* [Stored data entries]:
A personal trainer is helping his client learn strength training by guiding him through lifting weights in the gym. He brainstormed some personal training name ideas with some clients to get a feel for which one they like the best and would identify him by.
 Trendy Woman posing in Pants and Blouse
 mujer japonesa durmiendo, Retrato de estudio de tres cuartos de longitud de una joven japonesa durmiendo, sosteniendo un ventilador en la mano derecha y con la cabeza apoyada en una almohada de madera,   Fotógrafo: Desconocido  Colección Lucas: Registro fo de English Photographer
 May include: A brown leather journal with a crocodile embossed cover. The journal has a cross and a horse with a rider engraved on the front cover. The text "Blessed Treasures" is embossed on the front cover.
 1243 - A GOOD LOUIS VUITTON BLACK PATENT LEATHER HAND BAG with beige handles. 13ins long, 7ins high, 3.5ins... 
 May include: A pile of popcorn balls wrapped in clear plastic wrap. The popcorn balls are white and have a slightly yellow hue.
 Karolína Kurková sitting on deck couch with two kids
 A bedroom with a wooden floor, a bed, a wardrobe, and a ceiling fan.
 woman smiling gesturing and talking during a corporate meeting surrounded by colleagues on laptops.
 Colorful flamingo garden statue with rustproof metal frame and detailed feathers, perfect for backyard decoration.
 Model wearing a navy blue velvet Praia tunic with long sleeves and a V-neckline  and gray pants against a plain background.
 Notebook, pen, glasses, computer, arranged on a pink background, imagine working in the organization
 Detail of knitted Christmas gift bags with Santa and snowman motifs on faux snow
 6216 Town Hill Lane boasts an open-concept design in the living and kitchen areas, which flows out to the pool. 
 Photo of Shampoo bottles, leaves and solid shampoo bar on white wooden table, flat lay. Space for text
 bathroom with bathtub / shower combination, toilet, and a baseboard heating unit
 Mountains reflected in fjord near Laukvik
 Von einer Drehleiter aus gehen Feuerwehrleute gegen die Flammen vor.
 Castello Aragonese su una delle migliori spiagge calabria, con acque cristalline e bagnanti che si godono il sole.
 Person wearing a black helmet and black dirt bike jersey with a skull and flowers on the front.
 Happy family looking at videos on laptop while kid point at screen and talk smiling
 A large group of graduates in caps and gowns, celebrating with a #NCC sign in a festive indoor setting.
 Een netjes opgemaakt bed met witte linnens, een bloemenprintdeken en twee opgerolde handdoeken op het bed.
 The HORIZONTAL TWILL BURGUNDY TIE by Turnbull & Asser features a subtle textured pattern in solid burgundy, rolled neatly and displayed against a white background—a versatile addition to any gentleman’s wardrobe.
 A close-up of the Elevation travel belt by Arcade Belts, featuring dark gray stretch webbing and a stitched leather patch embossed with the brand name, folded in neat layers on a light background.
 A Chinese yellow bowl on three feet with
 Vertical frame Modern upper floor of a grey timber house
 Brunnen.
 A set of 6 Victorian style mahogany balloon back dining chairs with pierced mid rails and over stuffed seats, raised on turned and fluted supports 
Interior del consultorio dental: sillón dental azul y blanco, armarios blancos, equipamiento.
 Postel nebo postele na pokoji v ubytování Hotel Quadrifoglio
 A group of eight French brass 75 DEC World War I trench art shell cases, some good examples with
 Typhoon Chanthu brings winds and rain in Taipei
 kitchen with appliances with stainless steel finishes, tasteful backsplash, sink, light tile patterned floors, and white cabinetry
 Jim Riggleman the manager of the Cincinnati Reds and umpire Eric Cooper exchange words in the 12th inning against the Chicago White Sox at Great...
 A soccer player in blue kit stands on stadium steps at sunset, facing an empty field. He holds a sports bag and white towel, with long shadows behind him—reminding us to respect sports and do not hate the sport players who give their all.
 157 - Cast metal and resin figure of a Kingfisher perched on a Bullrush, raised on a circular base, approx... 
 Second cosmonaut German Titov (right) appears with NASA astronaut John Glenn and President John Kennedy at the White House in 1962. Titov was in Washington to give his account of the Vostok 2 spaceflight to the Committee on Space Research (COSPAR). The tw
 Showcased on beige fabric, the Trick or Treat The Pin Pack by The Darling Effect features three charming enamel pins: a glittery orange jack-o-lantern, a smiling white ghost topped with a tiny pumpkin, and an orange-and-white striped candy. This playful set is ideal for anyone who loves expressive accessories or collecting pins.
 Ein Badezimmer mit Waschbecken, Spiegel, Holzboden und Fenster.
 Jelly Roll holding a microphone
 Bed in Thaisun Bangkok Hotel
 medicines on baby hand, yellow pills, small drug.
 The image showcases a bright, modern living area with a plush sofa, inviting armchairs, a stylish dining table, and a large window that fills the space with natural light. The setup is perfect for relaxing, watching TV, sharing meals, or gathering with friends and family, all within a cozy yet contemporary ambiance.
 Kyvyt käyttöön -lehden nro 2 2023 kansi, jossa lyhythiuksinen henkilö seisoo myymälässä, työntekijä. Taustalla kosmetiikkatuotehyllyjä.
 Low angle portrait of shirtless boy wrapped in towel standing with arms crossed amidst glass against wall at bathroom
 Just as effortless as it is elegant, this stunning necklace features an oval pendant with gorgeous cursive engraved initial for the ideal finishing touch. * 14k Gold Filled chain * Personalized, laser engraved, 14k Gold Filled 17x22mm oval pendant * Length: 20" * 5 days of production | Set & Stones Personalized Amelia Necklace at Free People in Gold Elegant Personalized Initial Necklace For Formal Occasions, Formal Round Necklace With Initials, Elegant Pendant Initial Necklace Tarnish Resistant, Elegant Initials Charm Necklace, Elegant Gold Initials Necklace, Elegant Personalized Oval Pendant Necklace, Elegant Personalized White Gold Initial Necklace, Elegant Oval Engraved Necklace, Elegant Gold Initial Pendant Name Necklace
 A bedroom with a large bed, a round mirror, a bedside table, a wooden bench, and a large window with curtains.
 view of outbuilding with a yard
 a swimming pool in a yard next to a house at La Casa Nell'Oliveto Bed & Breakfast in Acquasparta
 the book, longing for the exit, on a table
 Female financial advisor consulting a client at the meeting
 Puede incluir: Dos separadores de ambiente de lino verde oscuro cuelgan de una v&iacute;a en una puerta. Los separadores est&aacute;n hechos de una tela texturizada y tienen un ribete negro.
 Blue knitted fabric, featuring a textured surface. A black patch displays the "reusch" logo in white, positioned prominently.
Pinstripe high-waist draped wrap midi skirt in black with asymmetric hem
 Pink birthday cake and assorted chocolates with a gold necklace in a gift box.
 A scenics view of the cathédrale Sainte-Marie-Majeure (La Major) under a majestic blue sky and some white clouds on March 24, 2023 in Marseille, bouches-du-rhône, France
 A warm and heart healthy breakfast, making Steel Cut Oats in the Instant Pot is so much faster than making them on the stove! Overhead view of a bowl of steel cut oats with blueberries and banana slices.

* [What to work on]: Only the lines from the first line of the records through the one containing "Notebook, pen, glasses, computer, arranged" should be reproduced, exactly, with both of them included.

* [Output of the exercise]:
A personal trainer is helping his client learn strength training by guiding him through lifting weights in the gym. He brainstormed some personal training name ideas with some clients to get a feel for which one they like the best and would identify him by.
 Trendy Woman posing in Pants and Blouse
 mujer japonesa durmiendo, Retrato de estudio de tres cuartos de longitud de una joven japonesa durmiendo, sosteniendo un ventilador en la mano derecha y con la cabeza apoyada en una almohada de madera,   Fotógrafo: Desconocido  Colección Lucas: Registro fo de English Photographer
 May include: A brown leather journal with a crocodile embossed cover. The journal has a cross and a horse with a rider engraved on the front cover. The text "Blessed Treasures" is embossed on the front cover.
 1243 - A GOOD LOUIS VUITTON BLACK PATENT LEATHER HAND BAG with beige handles. 13ins long, 7ins high, 3.5ins... 
 May include: A pile of popcorn balls wrapped in clear plastic wrap. The popcorn balls are white and have a slightly yellow hue.
 Karolína Kurková sitting on deck couch with two kids
 A bedroom with a wooden floor, a bed, a wardrobe, and a ceiling fan.
 woman smiling gesturing and talking during a corporate meeting surrounded by colleagues on laptops.
 Colorful flamingo garden statue with rustproof metal frame and detailed feathers, perfect for backyard decoration.
 Model wearing a navy blue velvet Praia tunic with long sleeves and a V-neckline  and gray pants against a plain background.
 Notebook, pen, glasses, computer, arranged on a pink background, imagine working in the organization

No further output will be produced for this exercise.